China’s recent explosion of foreign borrowing appears to be reversing. According to just-released data (pdf) from the Bank of International Settlements, China’s outstanding overseas debt shrank abruptly in the last quarter of 2014. It now stands at just more than $1 trillion—about $51 billion less than in the third quarter—making the People’s Republic the eighth-biggest borrower of international debt.
The fourth-quarter drop-off in foreign lending is the second-biggest quarterly decline on record, after 2008’s giant fourth-quarter drop accompanying the global financial crisis. The recent decline puts an end to what had been a surge in overseas bank credit that began in 2013.
What’s behind the steep drop?
Here’s one clue: As the BIS notes, the eruption of global credit to China in the last few years has mainly been in short-term lending—financing that matures in three to six months. In last year’s fourth quarter, nearly 80% of claims on China were for short-term debt, up from 59% in the fourth quarter of 2008.
Short-term finance is often commonly used to finance trade—a stop-gap cash source for exporters and importers. (That’s why demand for foreign loans leapt when China’s joined the World Trade Organization in 2001.)

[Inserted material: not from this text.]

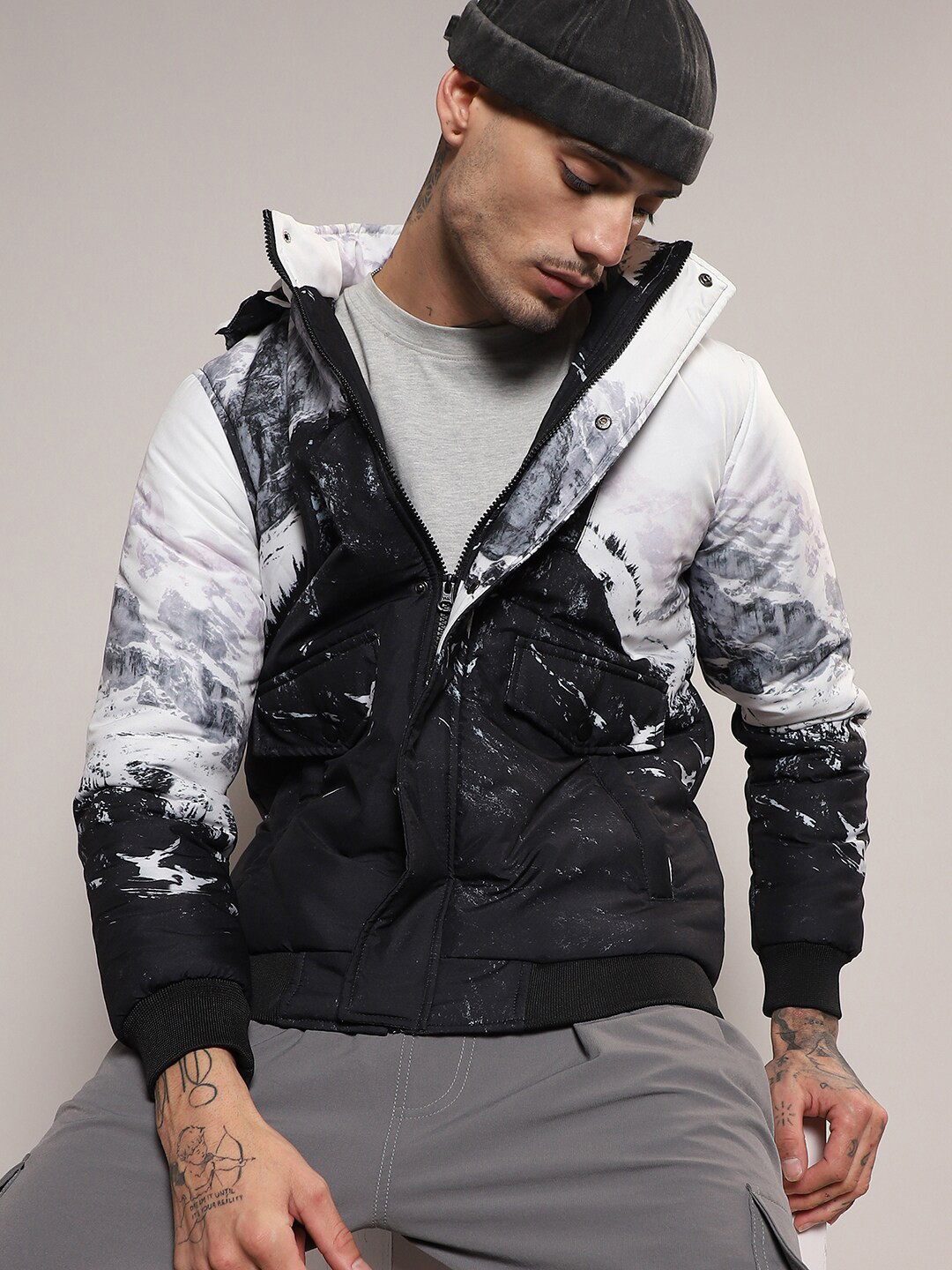 

Campus Sutra Black & Grey Abstract Printed Windcheater Puffer Jacket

It can also be used to finance fake trade. And until very recently, that was happening in a big way in China.
Throughout 2013 and early 2014, as the yuan steadily rose against the dollar, clever traders falsified trade orders to borrow from in dollars from Hong Kong banks. They then switched the dollars to yuan, often re-lending out the amount via shadow banking products, at a much higher interest rate than the original Hong Kong loan. By the time the loan came due, they’d have turned a tidy profit. The trade is self-reinforcing; the more people swap dollars for yuan, the faster the yuan appreciates.
The “carry trade,” as it’s often called, was lucrative as long as the yuan was appreciating. But when Chinese companies started believing the yuan will fall, they bought dollars instead.
The yuan is loosely pegged to the US dollar. And when the greenback started strengthening against other major currencies in mid-2014, Chinese traders bet that the People’s Bank of China would stop letting the yuan grow along with it. Since they were trading their yuan back into dollars, they didn’t need to borrow new dollars from foreign banks in Hong Kong anymore.
Though the BIS data are fairly delayed, they’re another sign that capital has been flowing out of China.
As we explained last year, “capital flight” doesn’t pose the same problems for China as it has in the past for, say, Argentina or Thailand. It still poses problems, though. With so many Chinese companies struggling with debt, new money is critical to keeping them alive.
Overseas banks have been increasingly important sources of liquidity for China’s financial system. The BIS data suggest that an important channel of money creation has been drying up.